The line from Langston to Obama is something Marvin Trice latched onto immediately.

Six years ago, Trice, a painter, was commissioned to do a black-and-white acrylic of Langston that now hangs inside the Louisa County Courthouse. Trice would come home from his day job making parts for kitchen and bathroom cabinets, and work on the painting. It now hangs in the only courtroom among other paintings of historic Virginia notables, the lone portrait of an African American.

When it finally became clear that Obama would capture the Democratic nomination, Trice searched to find the right words. "I don't know if saying I'm proud would be sufficient." He thought about Langston. "It took people like John Mercer Langston to pave the way for Barack Obama," said Trice, 52, an African American. "We stand on the shoulders of a lot of people, even those who did menial things. They opened doors, and others came along and opened more doors. It's something wonderful."

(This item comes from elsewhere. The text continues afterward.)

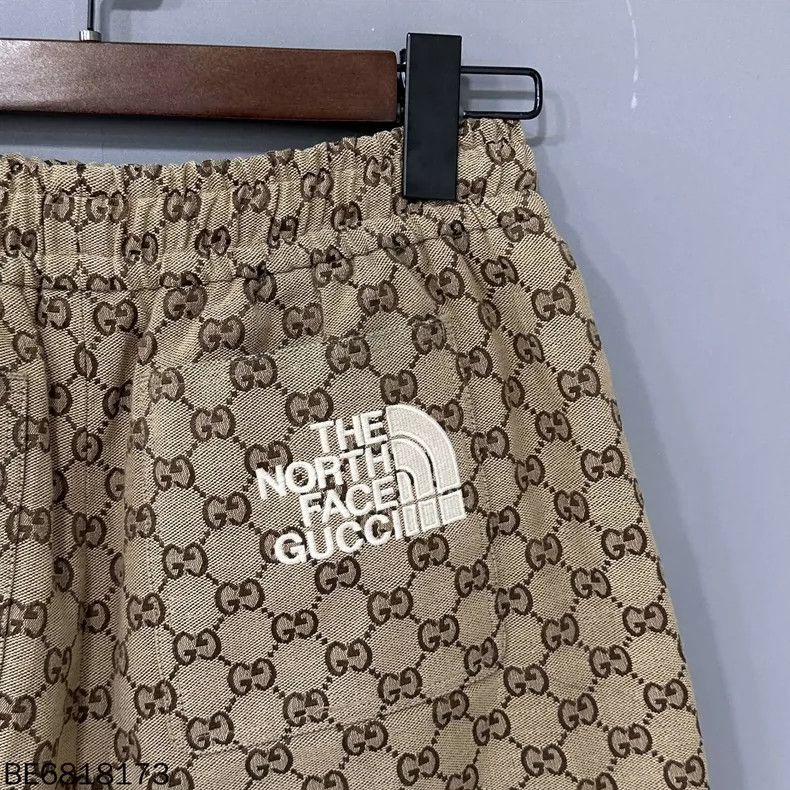 Gucci Gucci Logo Print Denim Shorts Size 22" - 4 Thumbnail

There was a long period of time when African American politicians were discouraged from seeking the highest offices, and some were afraid to even try. Shirley Chisholm ran for president in 1972 under the slogan "Unbought and Unbossed," and arrived at the Democratic National Convention with 151 delegates pledged to her. That she was given a prominent speaking slot was seen as progress. Twelve years later, Jesse Jackson made his first run for president, after many private meetings among black leaders about who should run and if it was the right time. Jackson defied conventional wisdom by winning five Democratic primaries and caucuses, leading to a second campaign in 1988. That year he won 13 primaries and caucuses, doubled his total votes to 7 million and finished runner-up to nominee Michael Dukakis.

Doug Wilder, the grandson of slaves, understands the significance of simply trying: "When I talked about running for lieutenant governor, they said, 'No way, man, you can make it.' And when I said I'd run for governor, they said, 'This man is certifiably insane!' "

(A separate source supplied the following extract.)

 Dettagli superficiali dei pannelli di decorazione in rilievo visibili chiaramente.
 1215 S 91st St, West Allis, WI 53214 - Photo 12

Few African American politicians have been more pioneering than Wilder, now the mayor of Richmond: He was the first black state senator elected since Reconstruction, the first black elected lieutenant governor, and the first black elected governor, all in a 20-year period from 1969 to 1989.

Of Obama's prospects to be president, he said: "The country is ready. The people are always ahead of the leaders."

* * *

Albert G. "Sambo" Johnson dropped by Hottinger Greenhouses the other day, and Eddie Hottinger and his young salesman stopped selling tomatoes and seeds and mulch and fixed their gaze on the 77-year-old man in the gray Dickies work jumper.

Sambo, as everyone in town calls him, is someone people like to listen to. A former county supervisor, for 20 years Johnson was chairman of the Louisa County Democratic Party. A white man called Sambo? Johnson explained that when he was a kid, a black family worked for and lived with his family. They had a little boy named Sambo, and Johnson's brother just started calling him Sambo, too. And it stuck.